Back in 2017, I remember hearing something trending on Twitter about a festival-turned-nightmare called the Fyre Festival. While the people (mostly young, wealthy social media influencers) stuck at the festival were documenting the chaos, people on Twitter were having an absolute field day. There were plenty of hilarious memes and jokes about the festival, with many even touting the mishap as “first world problems” and a “social experiment” created by rapper and Fyre Fest co-founder Ja Rule.

Initially, I didn’t really think much of the festival other than it being some meme-worthy Coachella-gone-wrong. However, after watching both documentaries released by Hulu and Netflix, I got a deeper insight on what actually happened and who was involved. I also became aware that the festival did much more damage than scam a bunch of rich influencers—it mercilessly exploited innocent island locals and proved how dangerous of a grasp that social media influence has on our tech-obsessed society.

The documentaries unfold the motives and ambitions of then 25-year-old Billy McFarland, entrepreneur and mastermind behind the Fyre Fest disaster. By using models with powerful social media influence such as Kendall Jenner and Bella Hadid, word about Fyre Festival blew up and it quickly became a widely sought-after event, with 95% of the tickets selling within 24 hours. Even though people were readily dropping hundreds of dollars on these tickets, no one really knew much information beyond what was advertised in the promo video and the enticing “orange tiles” popping up in their Instagram feeds. To those who bought tickets, the promo video seemed to be all the proof they needed to ensure themselves that the festival was legitimate. Even festival attendees who were even a bit concerned about the vagueness of the event figured that “everything would be taken care of”...Yikes.

Meanwhile, Billy McFarland and his team were struggling to actualize the luxurious island festival they showcased in the promo. With just months to develop the festival grounds, many of the perks promised in the promo—cozy villas, first-rate dining, and an incredible music lineup—became impossible to obtain.
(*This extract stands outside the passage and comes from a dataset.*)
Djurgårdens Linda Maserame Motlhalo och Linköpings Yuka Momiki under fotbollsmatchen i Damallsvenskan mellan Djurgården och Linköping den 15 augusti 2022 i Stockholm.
Even the exclusive island that was initially rented out for the festival (and was where the promo was shot) was reclaimed, leaving Billy to scramble for an island to hold the festival, which ended up being a Sandals Resort parking lot on the shores of Great Exuma Islands (not what the festival-goers were promised AT ALL).

It only gets crazier from there. Despite more problems and setbacks popping up, Billy simply kept the show rolling. While his team grew increasingly worried that they wouldn’t be able to deliver what they promised to the paying festival-goers, Billy relaxed and spent time zipping through island waters with his jet ski, even mere days leading up to the day of the festival.
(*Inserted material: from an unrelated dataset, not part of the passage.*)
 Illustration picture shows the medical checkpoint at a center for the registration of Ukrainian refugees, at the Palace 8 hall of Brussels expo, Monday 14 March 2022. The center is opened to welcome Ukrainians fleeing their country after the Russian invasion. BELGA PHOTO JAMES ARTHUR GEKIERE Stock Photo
What the documentaries also uncover was that McFarland also committed serious wire fraud in order to come up with the larger-than-life budget the extravagant festival needed. He would convince businesses to invest, claiming that he had stocks to the tune of $20 million when he really had no more than $1500. Now, it’s one thing to consistently maintain a lie to thousands of people that they paid for a luxurious Coachella-level experience, but to eagerly commit federal felonies for the sake of a shady music festival is reaching a completely different level of disillusioned reality.
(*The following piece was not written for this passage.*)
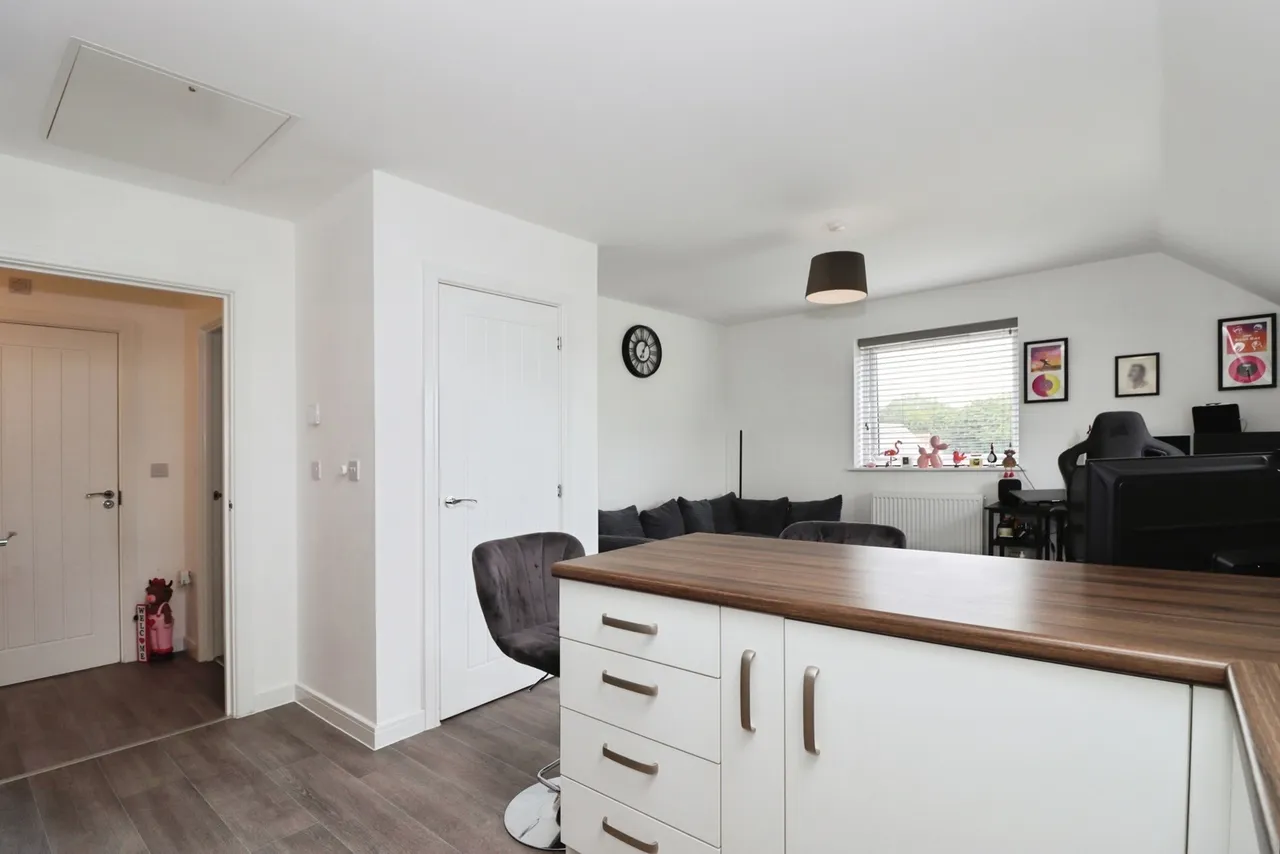 Dowsell Way, Yate, Bristol, BS37, photo 11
But the wildest thing had to be what one of Billy McFarland’s staff members was pushed to do for the sake of the event. With four 18-wheeler containers of Evian water being held up at Customs for $175,000, Billy asked Andy King, his event producer, to do the unthinkable—bribe the customs chief with oral sex to release the water. As horrible as defrauding investors is, I think this truly revealed that Billy was willing to manipulate, exploit and use anyone or anything (including those close to him) to get whatever he wanted, no matter the cost or consequence.

I think the documentary was disturbing not only because it revealed the dark, twisted motives of Billy McFarland, but also because it showed just how our overly reliant our society is on social media influence. Whether it’s a Youtuber promoting a product or a model instagramming their time at a festival, we are constantly being sold an item or an experience that we are being influenced to purchase, regardless if the product is even legitimate or qualitative. As social media continues to play an increasingly powerful role in our daily lives, it worries me that even after this documentary, influencers still hold an immense amount of power in swaying our decisions and, ultimately, distorting our realities.